▶ **TASK**: Locate the line containing "Carreau Fleur de vie - mandala florissant" in the entries below, then retype it and every later line exactly, leaving out pictures.

------------------------------------------------

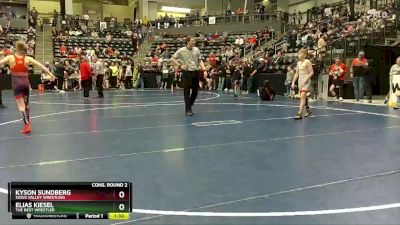 90 lbs Cons. Round 2 - Elias Kiesel, The Best Wrestler vs Kyson Sundberg, Sioux Valley Wrestling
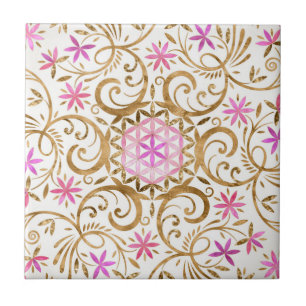 Carreau Fleur de vie - mandala florissant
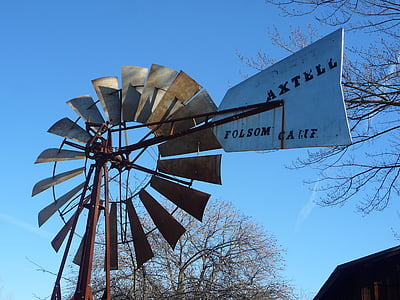 windmill, rustic, folsom, california, axtell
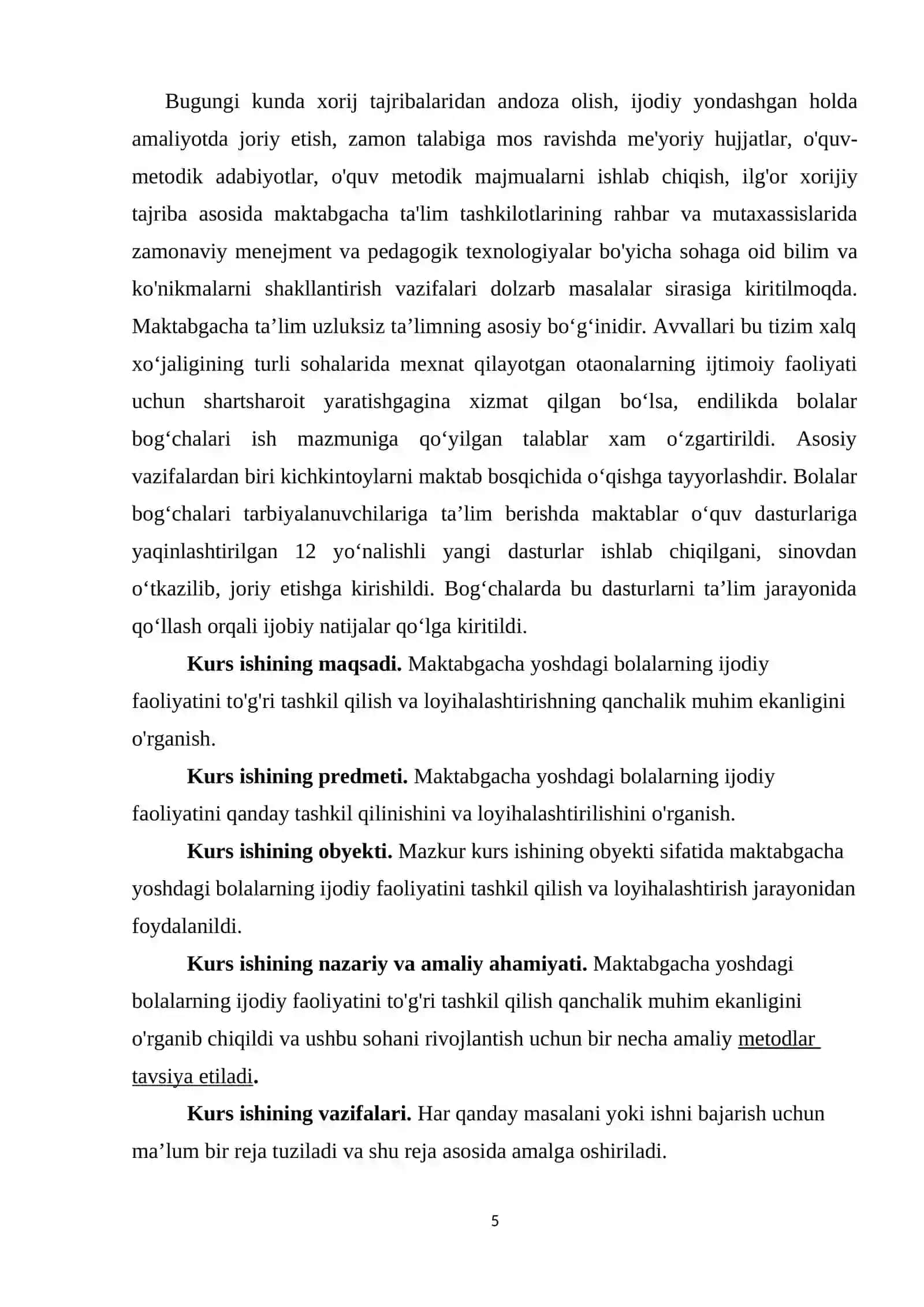 MAKTABGACHA TA'LIM TASHKILOTLARIDA INNOVATSION PEDAGOGIK TEXNOLOGIYALAR ASOSIDA LOYIHALASH USULLARI 4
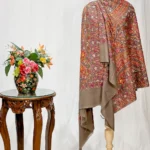 Natural Pure Pashmina Shawl With Papier Mache Jama Hand Embroidery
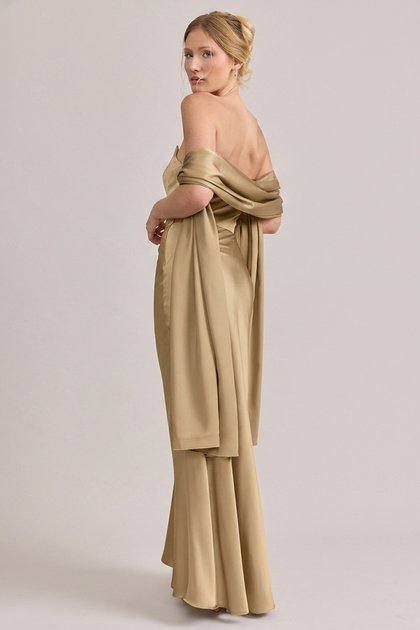 Satin Shawl | Made To Order | Honey Beige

------------------------------------------------

▶ **FINAL ANSWER**:
 Carreau Fleur de vie - mandala florissant
 windmill, rustic, folsom, california, axtell
 MAKTABGACHA TA'LIM TASHKILOTLARIDA INNOVATSION PEDAGOGIK TEXNOLOGIYALAR ASOSIDA LOYIHALASH USULLARI 4
 Natural Pure Pashmina Shawl With Papier Mache Jama Hand Embroidery
 Satin Shawl | Made To Order | Honey Beige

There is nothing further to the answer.